Description of the task: Out of the material that follows, write out exactly the lines from the line with "Boat Trailer Winch Post" to the line with "Shower Caddy Tension", both ends included, and no others.
========================================================================
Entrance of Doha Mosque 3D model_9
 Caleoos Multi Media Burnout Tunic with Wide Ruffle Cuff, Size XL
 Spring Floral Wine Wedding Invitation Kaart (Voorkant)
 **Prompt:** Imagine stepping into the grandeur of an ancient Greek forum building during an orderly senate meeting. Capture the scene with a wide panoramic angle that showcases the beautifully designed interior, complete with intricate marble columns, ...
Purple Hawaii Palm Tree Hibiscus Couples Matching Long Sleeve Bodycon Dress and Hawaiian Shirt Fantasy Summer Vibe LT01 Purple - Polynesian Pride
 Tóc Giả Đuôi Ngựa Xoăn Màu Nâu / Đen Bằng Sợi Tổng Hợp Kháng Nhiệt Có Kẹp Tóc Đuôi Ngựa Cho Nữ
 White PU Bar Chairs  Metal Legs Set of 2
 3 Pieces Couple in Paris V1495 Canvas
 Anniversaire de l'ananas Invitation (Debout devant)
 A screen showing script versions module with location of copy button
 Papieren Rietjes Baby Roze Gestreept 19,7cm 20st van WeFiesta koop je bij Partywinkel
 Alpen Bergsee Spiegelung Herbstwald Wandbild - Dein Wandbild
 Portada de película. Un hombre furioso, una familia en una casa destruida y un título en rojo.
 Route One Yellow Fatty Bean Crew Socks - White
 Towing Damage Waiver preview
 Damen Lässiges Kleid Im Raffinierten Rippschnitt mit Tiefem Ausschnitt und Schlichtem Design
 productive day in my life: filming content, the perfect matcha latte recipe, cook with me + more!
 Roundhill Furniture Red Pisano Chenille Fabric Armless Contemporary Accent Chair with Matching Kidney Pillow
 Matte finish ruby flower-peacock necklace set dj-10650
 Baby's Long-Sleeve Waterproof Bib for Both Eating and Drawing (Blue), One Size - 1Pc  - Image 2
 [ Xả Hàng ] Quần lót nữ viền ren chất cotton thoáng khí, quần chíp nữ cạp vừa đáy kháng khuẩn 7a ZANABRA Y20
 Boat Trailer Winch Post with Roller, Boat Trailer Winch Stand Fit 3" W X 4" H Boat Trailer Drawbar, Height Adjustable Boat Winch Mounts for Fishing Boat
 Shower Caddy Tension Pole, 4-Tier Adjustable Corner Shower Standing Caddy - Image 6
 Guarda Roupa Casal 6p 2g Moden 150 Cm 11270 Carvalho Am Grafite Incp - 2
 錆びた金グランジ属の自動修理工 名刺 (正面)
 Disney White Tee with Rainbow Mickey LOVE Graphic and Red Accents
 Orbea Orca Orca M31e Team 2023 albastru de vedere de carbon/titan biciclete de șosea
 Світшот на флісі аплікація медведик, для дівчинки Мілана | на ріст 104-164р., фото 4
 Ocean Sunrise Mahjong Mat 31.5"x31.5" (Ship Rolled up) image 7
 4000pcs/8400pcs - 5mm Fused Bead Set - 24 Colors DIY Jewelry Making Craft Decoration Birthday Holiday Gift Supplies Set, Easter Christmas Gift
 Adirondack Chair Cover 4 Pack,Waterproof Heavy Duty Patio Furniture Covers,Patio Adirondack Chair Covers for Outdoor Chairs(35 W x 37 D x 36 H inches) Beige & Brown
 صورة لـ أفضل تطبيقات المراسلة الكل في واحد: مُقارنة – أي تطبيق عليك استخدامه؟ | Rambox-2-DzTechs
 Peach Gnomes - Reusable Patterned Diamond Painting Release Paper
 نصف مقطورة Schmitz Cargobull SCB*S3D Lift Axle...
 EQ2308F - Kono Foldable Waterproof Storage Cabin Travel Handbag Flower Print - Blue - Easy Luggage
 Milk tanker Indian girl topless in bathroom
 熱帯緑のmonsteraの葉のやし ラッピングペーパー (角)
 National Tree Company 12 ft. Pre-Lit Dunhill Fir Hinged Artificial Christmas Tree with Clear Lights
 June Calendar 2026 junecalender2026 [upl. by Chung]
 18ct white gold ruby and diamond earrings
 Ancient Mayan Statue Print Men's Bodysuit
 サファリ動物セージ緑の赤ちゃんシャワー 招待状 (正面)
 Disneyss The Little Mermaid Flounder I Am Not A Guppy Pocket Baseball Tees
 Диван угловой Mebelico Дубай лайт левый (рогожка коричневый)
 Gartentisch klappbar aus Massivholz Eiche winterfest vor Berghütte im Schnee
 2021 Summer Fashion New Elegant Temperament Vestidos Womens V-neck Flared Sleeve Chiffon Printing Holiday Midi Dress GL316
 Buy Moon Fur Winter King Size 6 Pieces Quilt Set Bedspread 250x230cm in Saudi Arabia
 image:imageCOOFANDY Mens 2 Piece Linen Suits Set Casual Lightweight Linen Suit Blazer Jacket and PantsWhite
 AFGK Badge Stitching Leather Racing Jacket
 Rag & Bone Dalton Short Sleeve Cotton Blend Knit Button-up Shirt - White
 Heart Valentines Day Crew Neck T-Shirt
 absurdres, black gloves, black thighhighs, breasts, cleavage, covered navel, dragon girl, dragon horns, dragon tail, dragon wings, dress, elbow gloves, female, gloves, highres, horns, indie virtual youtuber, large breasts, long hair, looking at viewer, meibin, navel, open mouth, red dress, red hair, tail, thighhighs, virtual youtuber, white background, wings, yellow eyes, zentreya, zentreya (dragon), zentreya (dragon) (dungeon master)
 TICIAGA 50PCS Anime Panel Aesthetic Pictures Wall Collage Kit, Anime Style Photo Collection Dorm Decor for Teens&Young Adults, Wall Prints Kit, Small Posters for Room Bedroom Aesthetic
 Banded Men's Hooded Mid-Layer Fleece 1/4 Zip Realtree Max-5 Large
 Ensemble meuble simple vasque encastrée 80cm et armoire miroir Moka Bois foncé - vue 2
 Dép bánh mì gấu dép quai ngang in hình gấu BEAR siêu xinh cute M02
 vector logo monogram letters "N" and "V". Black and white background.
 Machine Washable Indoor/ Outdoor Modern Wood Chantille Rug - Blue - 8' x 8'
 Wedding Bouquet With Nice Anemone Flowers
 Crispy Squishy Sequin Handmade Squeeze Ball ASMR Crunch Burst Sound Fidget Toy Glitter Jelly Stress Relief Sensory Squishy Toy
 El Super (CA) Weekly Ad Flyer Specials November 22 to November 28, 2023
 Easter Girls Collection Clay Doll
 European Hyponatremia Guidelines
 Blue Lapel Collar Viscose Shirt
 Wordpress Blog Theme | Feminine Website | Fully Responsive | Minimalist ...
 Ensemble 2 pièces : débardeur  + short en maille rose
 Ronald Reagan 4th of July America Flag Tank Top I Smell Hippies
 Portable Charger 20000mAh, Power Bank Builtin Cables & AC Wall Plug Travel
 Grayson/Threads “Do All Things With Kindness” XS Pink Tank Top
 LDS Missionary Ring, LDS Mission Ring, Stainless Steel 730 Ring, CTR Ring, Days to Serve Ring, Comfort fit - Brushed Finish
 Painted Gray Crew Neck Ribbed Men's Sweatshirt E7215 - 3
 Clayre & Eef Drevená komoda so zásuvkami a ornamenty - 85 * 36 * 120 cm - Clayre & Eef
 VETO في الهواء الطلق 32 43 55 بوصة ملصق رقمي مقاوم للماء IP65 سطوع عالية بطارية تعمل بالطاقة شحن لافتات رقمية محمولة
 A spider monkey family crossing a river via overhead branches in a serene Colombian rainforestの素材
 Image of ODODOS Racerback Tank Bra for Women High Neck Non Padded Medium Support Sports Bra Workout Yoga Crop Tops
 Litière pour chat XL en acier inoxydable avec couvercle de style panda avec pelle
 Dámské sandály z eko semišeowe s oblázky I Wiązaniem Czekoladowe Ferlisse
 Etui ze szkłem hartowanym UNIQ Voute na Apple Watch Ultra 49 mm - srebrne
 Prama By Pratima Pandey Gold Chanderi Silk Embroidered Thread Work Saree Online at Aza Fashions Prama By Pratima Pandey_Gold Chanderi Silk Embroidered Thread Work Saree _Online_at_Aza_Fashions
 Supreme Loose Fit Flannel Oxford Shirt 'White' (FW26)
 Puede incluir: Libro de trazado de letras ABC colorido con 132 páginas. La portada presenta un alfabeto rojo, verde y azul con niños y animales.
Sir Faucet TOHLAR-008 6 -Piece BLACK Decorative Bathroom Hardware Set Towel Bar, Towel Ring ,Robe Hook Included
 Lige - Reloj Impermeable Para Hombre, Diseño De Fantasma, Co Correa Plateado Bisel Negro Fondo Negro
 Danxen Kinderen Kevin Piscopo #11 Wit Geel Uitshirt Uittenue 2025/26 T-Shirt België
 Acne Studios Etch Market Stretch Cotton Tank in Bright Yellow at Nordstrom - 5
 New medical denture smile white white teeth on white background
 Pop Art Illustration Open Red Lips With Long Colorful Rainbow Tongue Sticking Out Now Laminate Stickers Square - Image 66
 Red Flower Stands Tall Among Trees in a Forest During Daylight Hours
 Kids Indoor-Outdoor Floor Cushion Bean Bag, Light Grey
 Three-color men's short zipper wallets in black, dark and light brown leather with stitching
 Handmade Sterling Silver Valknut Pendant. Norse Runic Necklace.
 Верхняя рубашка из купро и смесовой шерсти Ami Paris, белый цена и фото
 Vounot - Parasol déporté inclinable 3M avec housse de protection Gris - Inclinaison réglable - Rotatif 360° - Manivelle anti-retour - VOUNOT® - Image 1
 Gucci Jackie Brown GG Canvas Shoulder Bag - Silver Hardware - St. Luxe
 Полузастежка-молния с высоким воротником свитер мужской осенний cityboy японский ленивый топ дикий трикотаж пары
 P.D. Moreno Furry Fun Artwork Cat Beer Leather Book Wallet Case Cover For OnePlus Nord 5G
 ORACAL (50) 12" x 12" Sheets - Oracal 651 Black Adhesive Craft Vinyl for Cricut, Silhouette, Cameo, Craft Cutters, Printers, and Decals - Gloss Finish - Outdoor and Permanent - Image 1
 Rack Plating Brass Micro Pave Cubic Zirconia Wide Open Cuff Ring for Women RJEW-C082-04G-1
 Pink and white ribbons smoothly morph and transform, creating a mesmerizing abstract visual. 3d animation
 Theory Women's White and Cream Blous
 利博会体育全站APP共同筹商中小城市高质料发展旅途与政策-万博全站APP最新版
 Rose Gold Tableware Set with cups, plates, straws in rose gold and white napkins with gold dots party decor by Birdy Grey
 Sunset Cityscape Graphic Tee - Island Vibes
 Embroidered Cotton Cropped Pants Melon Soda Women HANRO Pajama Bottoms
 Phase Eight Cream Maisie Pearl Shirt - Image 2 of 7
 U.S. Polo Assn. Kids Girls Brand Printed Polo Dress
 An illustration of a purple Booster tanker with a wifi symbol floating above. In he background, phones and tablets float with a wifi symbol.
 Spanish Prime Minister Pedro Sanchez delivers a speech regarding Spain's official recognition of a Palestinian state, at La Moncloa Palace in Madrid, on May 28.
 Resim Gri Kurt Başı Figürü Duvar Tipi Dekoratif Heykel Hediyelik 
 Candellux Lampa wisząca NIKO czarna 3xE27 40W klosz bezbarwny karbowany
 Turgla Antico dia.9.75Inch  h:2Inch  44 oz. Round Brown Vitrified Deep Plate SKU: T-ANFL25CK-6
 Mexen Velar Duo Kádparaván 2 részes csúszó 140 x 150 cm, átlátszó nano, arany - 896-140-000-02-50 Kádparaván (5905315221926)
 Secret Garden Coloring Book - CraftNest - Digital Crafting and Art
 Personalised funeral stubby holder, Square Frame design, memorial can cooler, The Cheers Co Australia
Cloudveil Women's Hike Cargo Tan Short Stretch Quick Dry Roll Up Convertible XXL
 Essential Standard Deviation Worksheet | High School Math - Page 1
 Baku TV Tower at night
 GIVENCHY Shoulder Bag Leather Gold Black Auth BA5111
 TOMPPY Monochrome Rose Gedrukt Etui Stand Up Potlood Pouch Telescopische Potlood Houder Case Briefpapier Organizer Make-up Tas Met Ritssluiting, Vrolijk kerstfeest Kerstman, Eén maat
========================================================================
Solution to the problem:
 Boat Trailer Winch Post with Roller, Boat Trailer Winch Stand Fit 3" W X 4" H Boat Trailer Drawbar, Height Adjustable Boat Winch Mounts for Fishing Boat
 Shower Caddy Tension Pole, 4-Tier Adjustable Corner Shower Standing Caddy - Image 6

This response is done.